I think you're absolutely right, however in my experience 40k is a rather unpleasant experience when played with immature teenagers who don't give a toss about the narrative of the game and just throw down the combos they read about on the internet. Most veteran gamers have abandoned GW in my area now so to get games with 'like-minded people' I pretty much have to play warmachine, Malifaux or 30k, there is some wfb lingering on, but if GW screws up 9th edition as the rumours indicate they may, I think that will die off pretty swiftly too.

Part of the problem is that GWs unique blend of absurdly expensive models and ultra-poor rules design is a really hard sell to people who know anything about wargames, so recruiting the kind of players I'd like to play 40k with just doesn't happen.



6th/7th was/is a mess well before they started releasing harlequins and tempestus militarum and now the demonkin. So they're hardly making things any worse by releasing more.

That's true, if your kitchen is ankle-deep in dung already, chucking more on top doesn't make an appreciable difference, but it's not incredibly helpful when it comes to the point where you decide to clean your kitchen. If GW ever comes back to the point where they want to make 40k a good game again they're going to have a million screwy codexes to try and sort out.

Kakapo42
25-03-2015, 23:32
I don't think the number of factions is the problem, I think it's what those factions are. The problem I see with the new Daemonkin release is that I don't see how it really adds anything to the setting or the game. From a thematic point of view, it doesn't do anything that can't already be achieved by making a Khorne-themed Chaos Space Marine army and allying in some Khorne Daemons. If they're going to make a gamebook for Khorne-focused armies, then why not just make a World Eaters expansion book for the Chaos Space Marine codex?

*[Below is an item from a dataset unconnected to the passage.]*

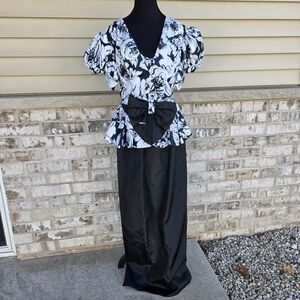 Vintage 80s Black White Floral Prom Dress Peplum Bow Formal Gown Small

I actually think GW really missed a trick with producing expansion books for the codexes, it could have been a great way to consolidate all the 'variant' armies - ones that are largely another iteration of a 'core' army. I would have made, for example, just one Space Marine codex (which itself would be basically the current one sans Chapter Tactics and Centurions) and then produce expansion books for ALL the famous chapters - Space Wolves, Dark Angels, Blood Angels, Black Templars, White Scars etc. Then do the same with Chaos Space Marines, one main Chaos Space Marine codex with plug-in expansion books for all the famous legions, and maybe one for Renegade chapters that had some rules for incorporating some loyalist gear. Assimilate the Militarum Tempestus codex into Imperial Guard (I really don't know why it should be it's own thing), and put expansion books out for some of the famous regiments like Catachans, Mordians etc.

I think it's OK to add in new factions, just make sure that they're actually unique and bring something new to the setting and/or game. Adeptus Mechaincus? Sure, why not, they get enough background reference already. A book all about combined Chaos Space Marine and Daemon forces, when that can already be done? Not so much.

ewar
25-03-2015, 23:40
I can appreciate it must suck if you have to play in that environment or if you're restricted to pick up games etc. However, for me, the introduction of niche lists is more reminiscent of 2nd/3rd ed than the later 4/5th editions, so I'm just happy to see Harlequins get fleshed out a bit and hopefully some of the other less common factions get some attention.

I much prefer this to the relentless bloat of some of the existing factions - if the next marine dex adds even more new units it will be getting frankly ridiculous. Personally I don't consider the rule making to be 'ultra-poor' as it does what it sets out to do pretty well, if you acknowledge that the book gives players almost unlimited freedom (including the freedom to make the game incredibly unfun) and makes it pretty clear that within that framework people should police themselves.

I would honestly think this style of gaming appeals much more to older neckbeards than young teenagers personally, especially combined with the premium pricing of the models. But as I don't play outside my game group I can't attest this either way.

p.s. you have an extremely obscure ST:TNG reference in your sig, it took me a while to place it! That was one of the... less popular (crappier!?) episodes from memory, seems like a pretty niche choice, what's the reasoning out of interest?

Spiney Norman
26-03-2015, 00:05
I much prefer this to the relentless bloat of some of the existing factions - if the next marine dex adds even more new units it will be getting frankly ridiculous. Personally I don't consider the rule making to be 'ultra-poor' as it does what it sets out to do pretty well, if you acknowledge that the book gives players almost unlimited freedom (including the freedom to make the game incredibly unfun) and makes it pretty clear that within that framework people should police themselves.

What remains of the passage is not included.